Seniors in Mobile Home Parks: The Unprotected Class

E. Napples, Arizona

“That’s not my concern, I’m in the business to make money,” replied a park owner to a senior who said she couldn’t afford to live in her mobile home after his uncontrolled rent increase.

There is a land where the inhabitants are told by their ruler how much they are required to pay for the right to live in their homes and where they are forced to live by 33-pages of dictated and enforced rules and regulations.  These rules and regulations control the inhabitant’s movement in the land, they control their ability to make minor decisions concerning their homes, they control who can visit them, and they control virtually every aspect of the inhabitant’s economic and social life. This is not a foreign land in some faraway country; this is a pocket of land in America called a mobile home park. It is a pocket of land where the American ideal of life and liberty and self-determination does not exist. And, many of these inhabitants are helpless and easily scared senior citizens.

Mobile homes (really unmovable manufactured homes) are still the most inexpensive home to purchase. The owners are either very young or very old, as this is their first (or last) affordable home to buy. Seniors in mobile home parks, due to their age, health, and economic status, are very vulnerable and need to be established as a protected class by local, state, and federal governments. The Americans with Disability Act should be changed to include the aged as a protected class, especially in this senior mobile home area of housing, particularly if the senior’s income is mainly social security. This said, there is a unique form of disability seniors in mobile home parks are subject to. This is an “economic disability” which makes these seniors susceptible to a form of constructive eviction from uncontrolled space rent increases, pass throughs and from the unreasonable enforcement of park rules and regulations used many times to control and intimidate tenants. A pass through is a monthly bill the park owner attaches to the tenants rent to cover a park expense.
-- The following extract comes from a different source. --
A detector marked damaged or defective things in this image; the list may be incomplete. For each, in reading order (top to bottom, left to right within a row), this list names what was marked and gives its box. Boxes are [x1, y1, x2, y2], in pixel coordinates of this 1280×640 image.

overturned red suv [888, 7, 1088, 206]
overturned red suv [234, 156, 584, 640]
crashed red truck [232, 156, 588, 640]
No authorization or justification is needed by the owner to do this. It is really a second form of a rent increase. Not to pay a pass through subjects a tenant to an eviction.

All senior citizens, because of their age and insecurities, are least likely to defend themselves and can be exploited, especially if they fear the loss of their mobile home. Because of the mobile home park management’s ability to levy uncontrolled rent increases, many seniors are forced to sell their mobile homes and lose the only security they thought they had until the day they die. In short, this is a form of elder abuse, elder discrimination, and rises to the level of a national public health issue. This is a vulnerability a senior has for living in a mobile home park where there are no laws to protect them from the unrestrained abuses of park owners.
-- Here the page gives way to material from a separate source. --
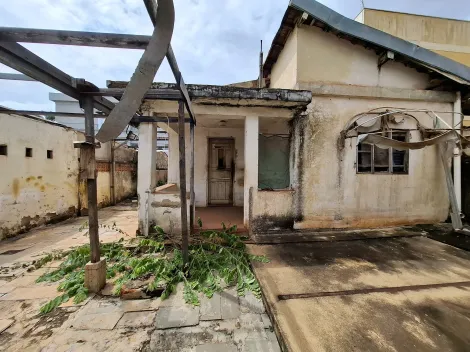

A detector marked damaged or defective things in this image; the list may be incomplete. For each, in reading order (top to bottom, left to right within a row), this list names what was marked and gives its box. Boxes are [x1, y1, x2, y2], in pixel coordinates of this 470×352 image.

rusted metal sheet [95, 0, 174, 142]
The average age in a senior park is over 55 years of age. Many are in their 80s.  When a senior purchases a mobile home it is fair to say it is not for an investment, but a place to live in for the rest of their life. Also, it is usually the only type of home they can afford to purchase with most of the seniors living on social security or a small pension. Seniors are physically and economically trapped by mobile home park owners which can lead them to being marginalized and exploited. This is the second vulnerability a senior living in a mobile home park has.

There is a crisis in America in affordable housing.  Ideally, what is needed is universal rent stabilization laws for all renting Americans, not just for seniors in mobile home parks. The laws that allow for uncontrolled lot rent increases and for unreasonable rules and regulations create a unique and over-powerful flaw in the authority given to mobile home park owners. As a start, what is needed are state and nation-wide laws that protect and preserve home ownership for seniors in mobile home parks.